[mpich-commits] [mpich] MPICH primary repository branch, master, updated. v3.1.1-3-ge6ddea1
Service Account
noreply at mpich.org
Fri Jun 6 14:12:47 CDT 2014
This is an automated email from the git hooks/post-receive script.

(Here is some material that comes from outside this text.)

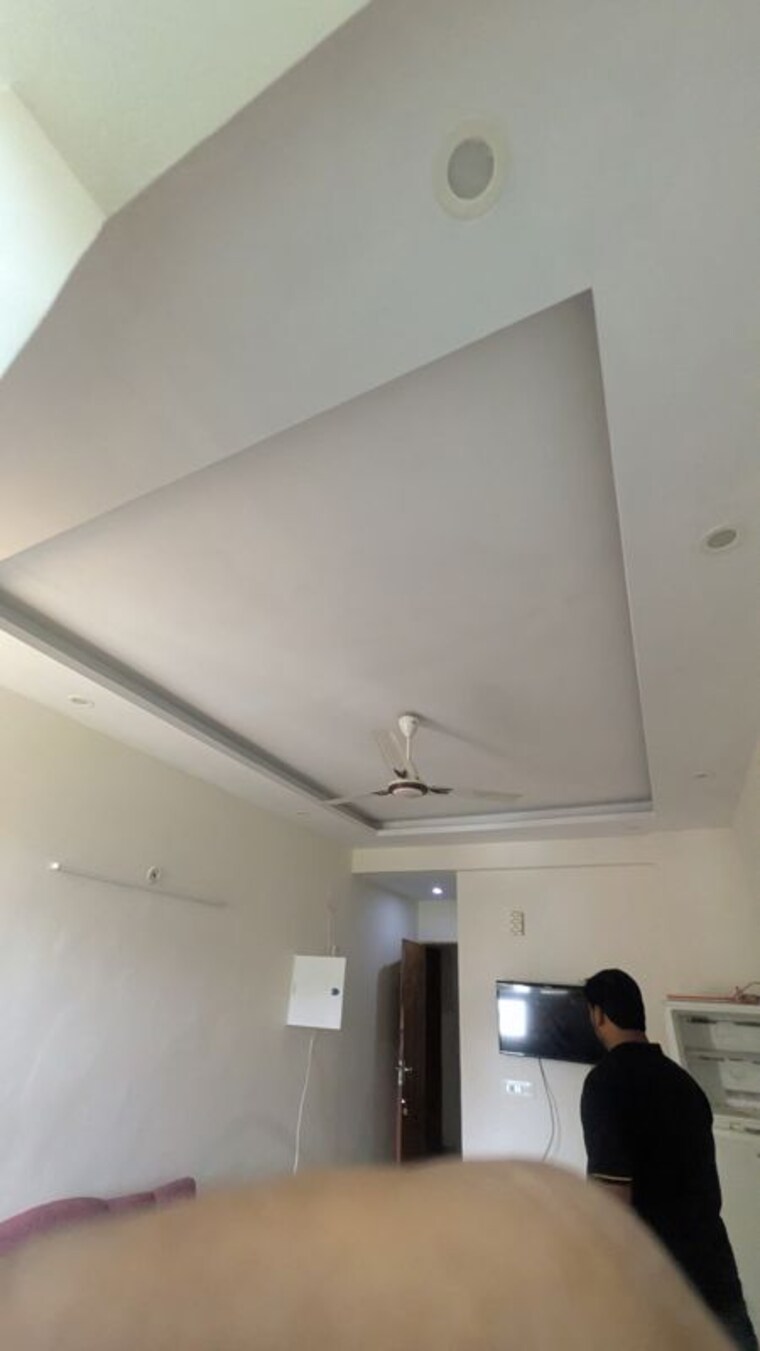 undefined, pyramid-urban-homes-3 2 Bedroom 800 Sq.Ft. Apartment In Sector 67a Gurgaon 10465333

It was
generated because a ref change was pushed to the repository containing
the project "MPICH primary repository".
The branch, master has been updated
via e6ddea13901a9f718af9108638f4755327442e14 (commit)
via 66c07f53bd389af488adcf421f28a7d9e6660ce2 (commit)
via cd168292eed8ee98fd15554d6109fda6f860d150 (commit)
from d39b7f534d72ca862fea1ec80894f5633bc8d926 (commit)
Those revisions listed above that are new to this repository have
not appeared on any other notification email; so we list those
revisions in full, below.
- Log -----------------------------------------------------------------
http://git.mpich.org/mpich.git/commitdiff/e6ddea13901a9f718af9108638f4755327442e14
commit e6ddea13901a9f718af9108638f4755327442e14
Author: Michael Blocksome <blocksom at us.ibm.com>
Date: Thu Jun 5 23:10:15 2014 -0500
pamid: remove blocking shmem mutex; remove shmem CAS/FOP optimizations
The blocking pthread mutex in the shared memory window causes a deadlock
on bgq - perhaps because the messaging state is not advanced while the
thread is waiting for the mutex to be released.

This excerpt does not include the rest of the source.